When it came to my class’s Unplugged Digital Detox day, I didn’t fare as well. My professor encouraged us to see how long we could go without the use of any digital technology. Intentionally limiting access to these beneficial apps and features proved frustratingly challenging. Did I find myself feeling that familiar jittery urge to pull my phone out of my back pocket? I sure did. That antsiness in my fingers and the frustrated pressure behind my eyes? Yup. I managed to find moments of calm and productivity while engaged in detailed activities, such as cleaning, reading, writing, crafting, and while connected in conversation. In periods of transition or quiet, however, I found that I desperately wanted the assist of my phone or computer to determine my next move and stay on track with the flow of my day. I yearned for access to direct messaging apps to ping friends with questions or share my thoughts and feelings with them. Perhaps most annoying of all was the lack of music! And so, while I worked hard that day to limit my use, I was also gentle with myself and used my smartphone and computer when I felt I might benefit. Music was most certainly played. 

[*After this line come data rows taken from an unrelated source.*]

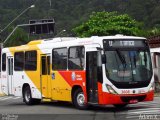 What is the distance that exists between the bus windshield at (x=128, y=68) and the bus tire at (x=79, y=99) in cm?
183

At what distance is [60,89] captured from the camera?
827 inches

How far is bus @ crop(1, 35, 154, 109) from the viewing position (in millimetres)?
18203

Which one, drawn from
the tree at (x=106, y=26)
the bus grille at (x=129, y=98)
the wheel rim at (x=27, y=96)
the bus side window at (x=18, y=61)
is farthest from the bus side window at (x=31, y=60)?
the tree at (x=106, y=26)

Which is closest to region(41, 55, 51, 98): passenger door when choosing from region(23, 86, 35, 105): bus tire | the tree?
region(23, 86, 35, 105): bus tire

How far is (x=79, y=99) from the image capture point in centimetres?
1969

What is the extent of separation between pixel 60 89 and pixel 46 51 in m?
2.19

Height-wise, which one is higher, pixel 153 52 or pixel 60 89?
pixel 153 52

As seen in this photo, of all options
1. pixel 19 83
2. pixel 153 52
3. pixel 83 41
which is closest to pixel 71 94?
pixel 83 41

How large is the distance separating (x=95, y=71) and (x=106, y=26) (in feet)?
123

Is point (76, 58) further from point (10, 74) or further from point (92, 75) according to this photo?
point (10, 74)

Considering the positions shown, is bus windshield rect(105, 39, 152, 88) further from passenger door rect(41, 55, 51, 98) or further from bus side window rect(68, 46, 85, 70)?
passenger door rect(41, 55, 51, 98)

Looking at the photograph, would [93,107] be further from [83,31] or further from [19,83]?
[83,31]

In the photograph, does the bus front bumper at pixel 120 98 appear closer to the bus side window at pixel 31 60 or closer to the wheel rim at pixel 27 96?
the bus side window at pixel 31 60

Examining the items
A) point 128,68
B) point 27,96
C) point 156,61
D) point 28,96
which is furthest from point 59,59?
point 156,61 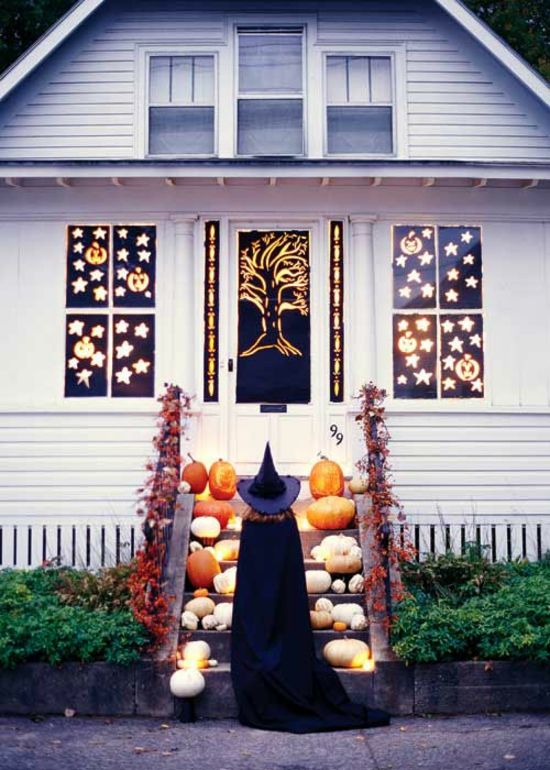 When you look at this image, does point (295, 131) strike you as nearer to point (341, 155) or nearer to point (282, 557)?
point (341, 155)

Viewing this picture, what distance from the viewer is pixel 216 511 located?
9789 mm

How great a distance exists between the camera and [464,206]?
37.1 ft

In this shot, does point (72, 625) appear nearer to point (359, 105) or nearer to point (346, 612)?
point (346, 612)

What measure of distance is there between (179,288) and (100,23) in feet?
11.5

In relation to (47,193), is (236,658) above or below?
below

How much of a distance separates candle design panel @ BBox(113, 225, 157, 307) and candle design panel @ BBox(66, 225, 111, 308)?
0.39 ft

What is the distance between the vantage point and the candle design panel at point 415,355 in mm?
11242

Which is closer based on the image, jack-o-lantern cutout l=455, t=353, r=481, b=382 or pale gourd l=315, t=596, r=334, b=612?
pale gourd l=315, t=596, r=334, b=612

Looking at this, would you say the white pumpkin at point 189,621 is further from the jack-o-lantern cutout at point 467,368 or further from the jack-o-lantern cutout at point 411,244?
the jack-o-lantern cutout at point 411,244

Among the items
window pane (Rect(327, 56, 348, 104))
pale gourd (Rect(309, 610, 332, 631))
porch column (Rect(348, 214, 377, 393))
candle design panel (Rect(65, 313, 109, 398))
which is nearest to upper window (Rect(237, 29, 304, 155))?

In the end, I found that without access to technology, I felt practically, emotionally, even somatically unmoored—disconnected from my routine, community, and the calm that these supportive apps bring to my life. It was gratifying to see my Apple Screen Time stats drop from a daily average of about ten hours to four on my unplugged day. Even so, I only managed a single unbroken three-hour stretch tech-free. Two of these three hours were spent with a friend, catching up and sharing deep, therapeutic belly-laughs. After we parted ways, I spent my remaining tech-free hour editing a draft of a blog post I had printed out the night before. With an actual pencil on paper! Having words directly in front of my eyes and that pencil in my hand went a long way towards quelling the urge to wake up a device.  

I’ll admit I was unsettled that I couldn’t complete the assignment the way I had expected to. I imagined I could go longer, and upon reflection discovered I was harboring the belief that the amount of time I could bear being tech-free somehow carried value or virtue. But does it? Do my phone and computer’s close ties to my past addictive behavior really negate their usefulness? My ambivalence toward unplugging reinforced my sense that technology can aid my neurodivergence, lifestyle, creativity, and relationships, and thank goodness for that.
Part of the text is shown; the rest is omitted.